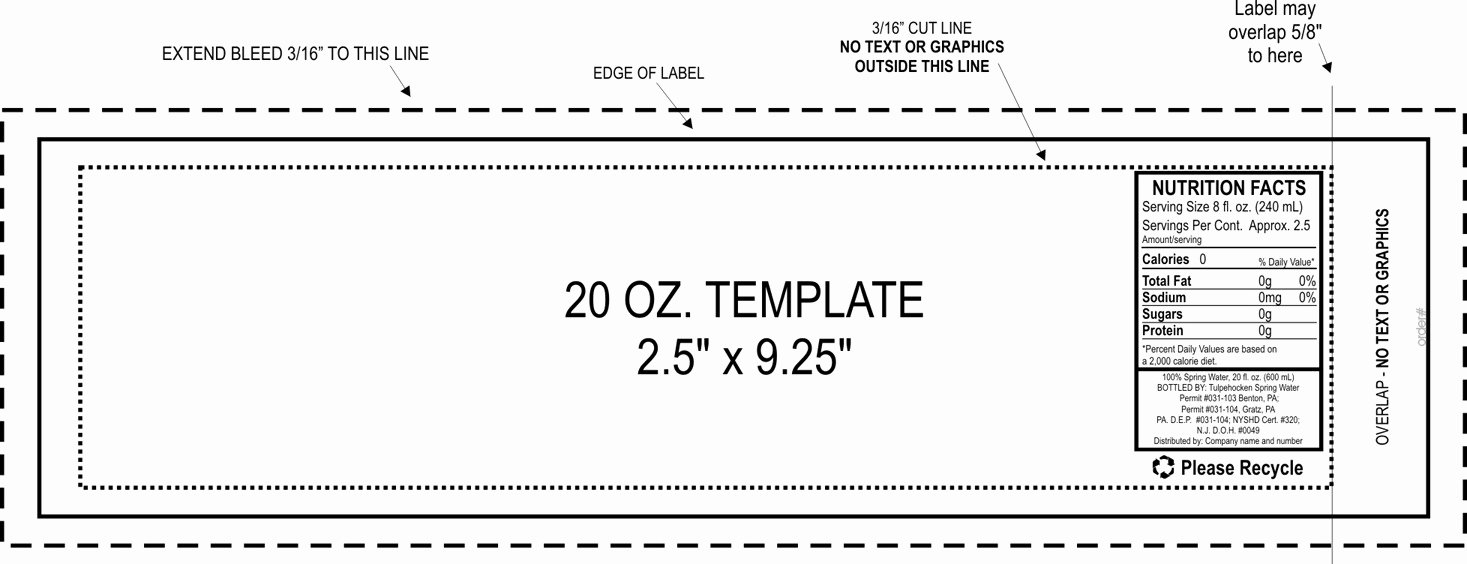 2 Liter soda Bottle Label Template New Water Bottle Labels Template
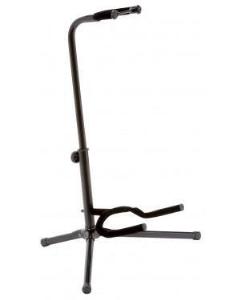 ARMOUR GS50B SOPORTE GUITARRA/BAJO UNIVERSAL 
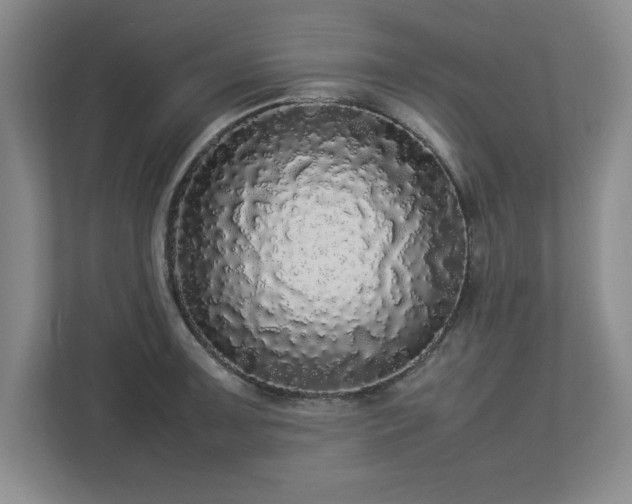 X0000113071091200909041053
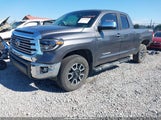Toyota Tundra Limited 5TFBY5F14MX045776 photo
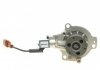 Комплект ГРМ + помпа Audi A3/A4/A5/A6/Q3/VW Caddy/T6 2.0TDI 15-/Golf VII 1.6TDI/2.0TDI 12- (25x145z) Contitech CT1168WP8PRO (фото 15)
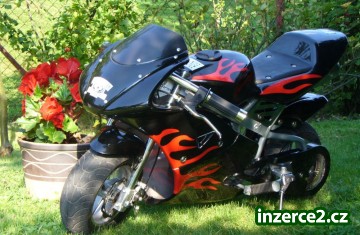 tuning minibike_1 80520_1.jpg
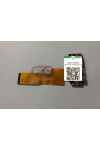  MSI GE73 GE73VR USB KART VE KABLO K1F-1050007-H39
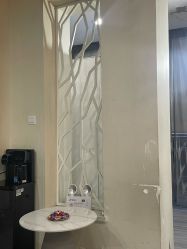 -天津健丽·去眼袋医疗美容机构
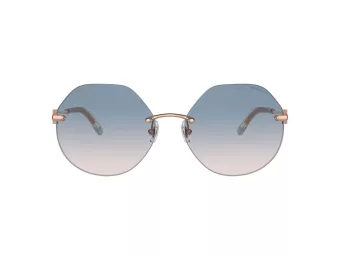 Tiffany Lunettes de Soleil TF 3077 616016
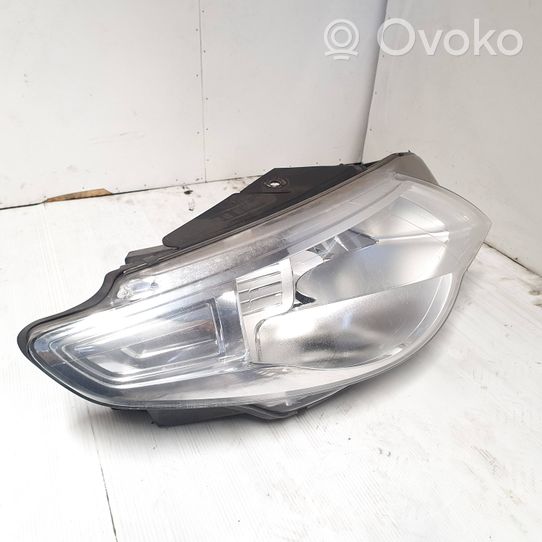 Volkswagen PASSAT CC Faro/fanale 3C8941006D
........
=== About this task ===
Starting at the line that contains "Tiffany Lunettes de Soleil TF 3077 616016", retype every line through the end of the material exactly as written, including both end lines but no pictures.

=== Your response ===
 Tiffany Lunettes de Soleil TF 3077 616016
 Volkswagen PASSAT CC Faro/fanale 3C8941006D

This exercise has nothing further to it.